That photo is a stunner. And I sympathize greatly with your choice of writing weaponry.
My lonnnnng two cents: while an Alphasmart or typewriter may be better able to keep up with my thoughts, my thoughts tend to be wildly spinning things. It seems like, with the pen, I can think of a sentence in various forms as I'm writing it and sort out the best one. And if I change my mind halfway through, I cross out and continue, without having to manually hit a backspace or reach for a pencil to put a line through that bit. It's all more fluid, and I think my pen writing shows it. Writing I've done on the typewriter tends to be choppier, more staccato.And then, I like the way the pen connects you to the words: the very shape of them is all completely in your hands. You feel the letters as they are transferred to the page, rather than merely seeing them appear. And my brain seems to like that, for whatever reason.Once I'm really in the groove of a story, it doesn't matter as much which method I use, and that's where the typewriter often shines. But for the initial jump, or for those times when the words just one come...the pen is a magic tool for me.

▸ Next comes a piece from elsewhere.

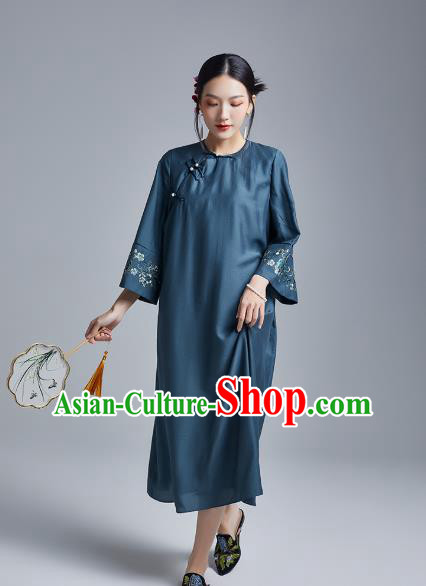 China Classical Embroidered Loose Cheongsam Costume Traditional Young Lady Navy Silk Qipao Dress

The words find shape under my hand, too: the shape of the town drunk, staggering all over the page. It's embarassing.I actually don't have the staccato-writing issue, but quite the opposite: because my hands can keep up with my brain, some of my typed sentences start one way, get restarted in the middle, and then finish a third entirely different way. (This is why word count is rarely an issue for me at NaNo time: every sentence is three times too long from the outset.) A pen may make me a better writer, but on the typewriter, I'm a better drafter.
I totally get this- "...some of my typed sentences start one way, get restarted in the middle, and then finish a third entirely different way."Risky (especially for a perfectionist!) but exciting.

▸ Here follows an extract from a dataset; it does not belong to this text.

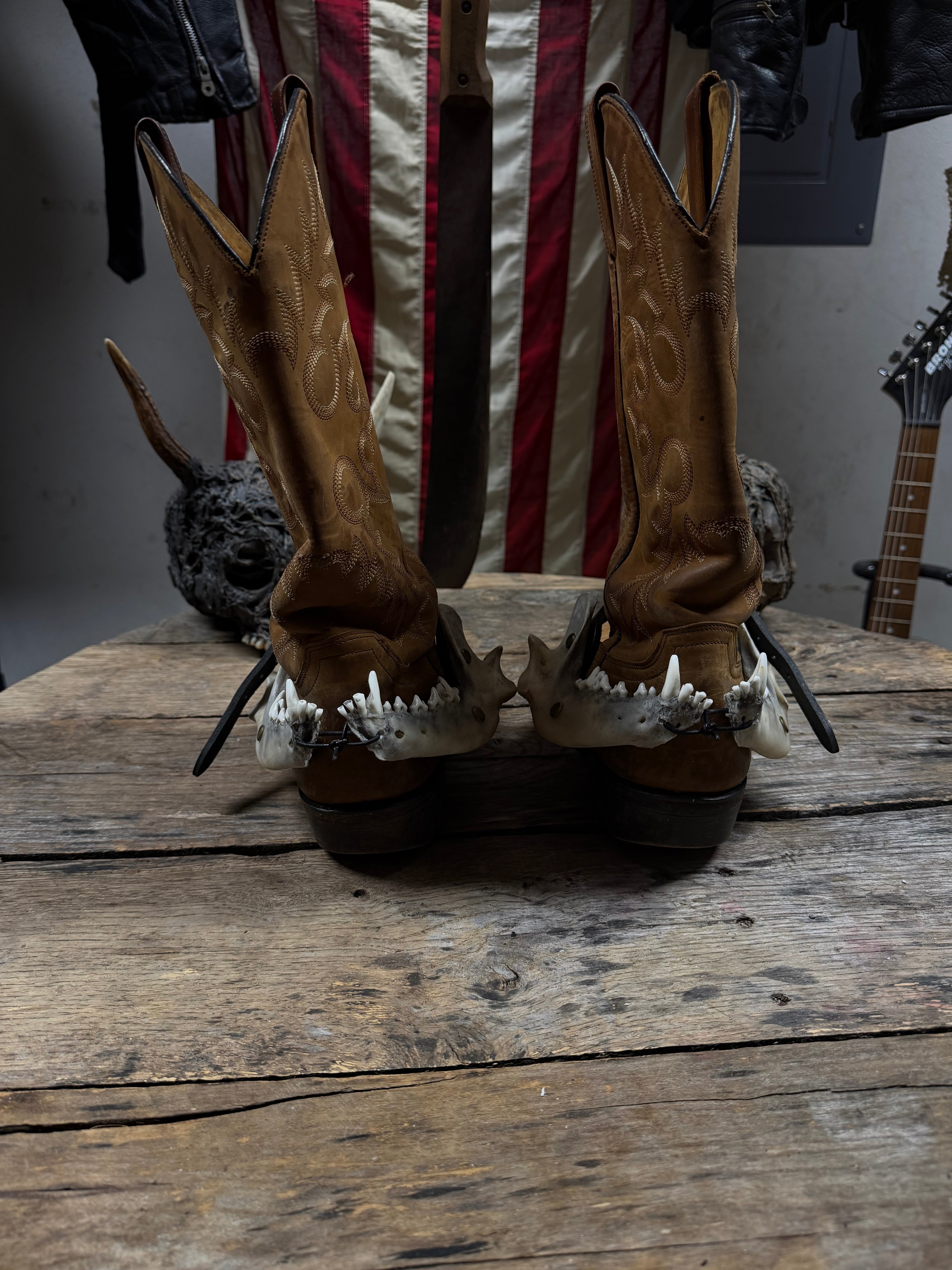 Larger Coyote Jawbone Spurs Pair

When I was asked the desert island/one item question at work a few months back, and I answered a reflective space blanket, for keeping wamr, signalling ships with reflections, etc. Everyone looked at me like I was crazy. Other'n that, though, I understand what you mean by sentences starting one way and then ending up another. I also have that problem when I don't review my notes from previous days. For instance, I referred to a character as being "gaunt" on one page and then "flabby" on the next.
Ah, Gomez is in fine form in this picture. I'd take along my SM-3 as well, though I don't have a name for it.